A past French Transport Minister — they change so often because they are ambitious and get moved on — announced that the main national cause for the year 2000 would be road safety. He was by no means the first to trot out this shibboleth. Will he do as he says and one day reach his famous target of 4000 deaths a year on the road without fiddling the figures?
If he is sincere, there could be no more ambitious and respectable project. For many years now the problem has been raised by his predecessors and successors without any convincing result, to the point that there are now virtually no road checks except, of course, for our trucker slaves. Car drivers now feel free to do as they like, apart from a little radar check from time to time, not enough to clog the courts but bringing in a little money after all.

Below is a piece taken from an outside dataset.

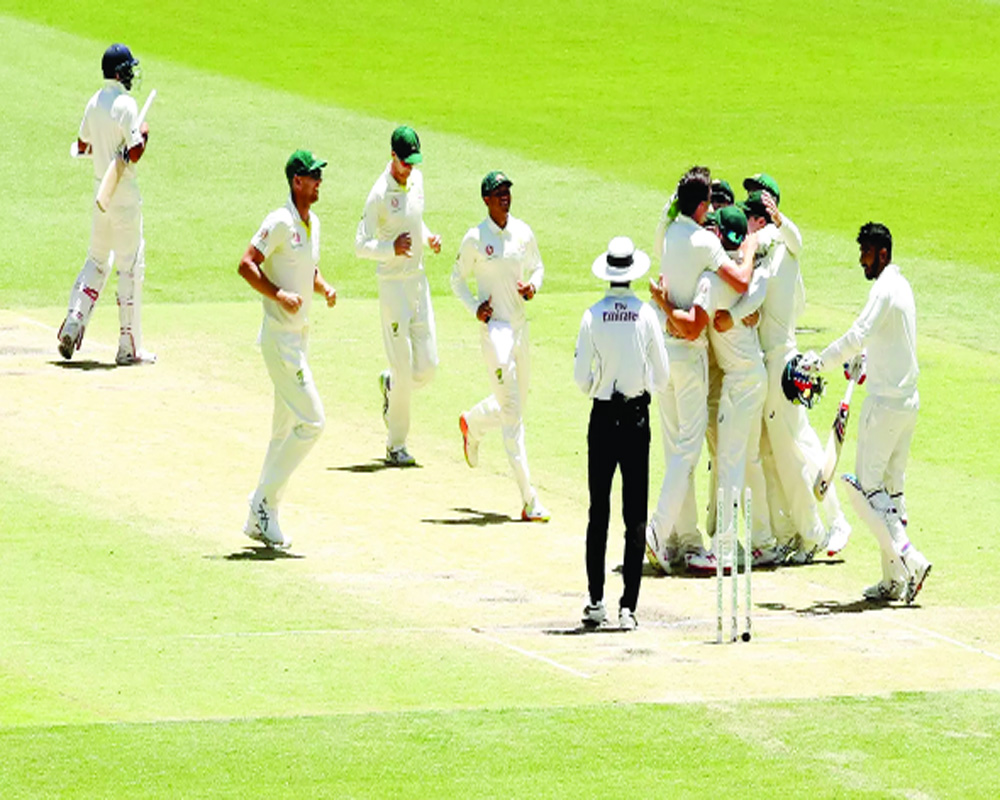 Indian batters ‘can’t stand up’ to Aussie pacers: Haddin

The hunting season for little fat rabbits is open and we don’t want to die of hunger.
Recently a new generation of radar controls has sprung up virtually everywhere in Paris and the Paris region. The best radar product (of French manufacture, incidentally) is very reasonably priced. These will no longer be installed at well-defined places as in the past. The authorities are to be congratulated on finally deciding to locate the controls at places that are really dangerous and send the bad drivers before the courts for valid reasons in order to make them aware of the need to respect others and themselves. Unfortunately, how many of the most dangerous people in regards to road delinquency will be able to have the charges simply annulled? Far too many, in my opinion, unless there is a genuine shake-up. Here again, surely not equality and the wrong kind of fraternity, but, of course, some people live in the best of all possible worlds.
We can also see a revival of normal road checks and slightly more frequent tickets for infringements of the Highway Code. Above all, these are being directed less at heavy goods vehicles in general.
This is a major first step, but the step is that of an invalid learning to use his limbs again after too long a period of paralysis. I am talking of the system, naturally, and not of the former French Interior Minister, Mr.Jean-Pierre Chevènement — could his remarkable recovery from near-death be a sign from Heaven?
One can also discern in the general press a slightly better tone regarding heavy goods vehicles in general and the police in particular. Perhaps they have understood that they were their own murderers or perhaps they have been told to pipe down?
Personally, I believe the second explanation. The question now is how far the government can go in restoring order, given that the disorder that has reigned far too long is now so deeply entrenched? Bringing the death toll on French roads down to 4000 is not at all utopian. It is an absolute necessity and even bringing the figure down slightly below 2000 would be normal from the standpoint of those like myself.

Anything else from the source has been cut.